Copy the whole listing verbatim.

Segment Start: DATASET EXCERPT

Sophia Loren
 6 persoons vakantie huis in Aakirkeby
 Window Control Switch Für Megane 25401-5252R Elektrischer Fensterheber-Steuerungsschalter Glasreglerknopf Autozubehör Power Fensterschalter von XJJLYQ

Segment End: DATASET EXCERPT

• [EXPECTED OUTPUT]:
Sophia Loren
 6 persoons vakantie huis in Aakirkeby
 Window Control Switch Für Megane 25401-5252R Elektrischer Fensterheber-Steuerungsschalter Glasreglerknopf Autozubehör Power Fensterschalter von XJJLYQ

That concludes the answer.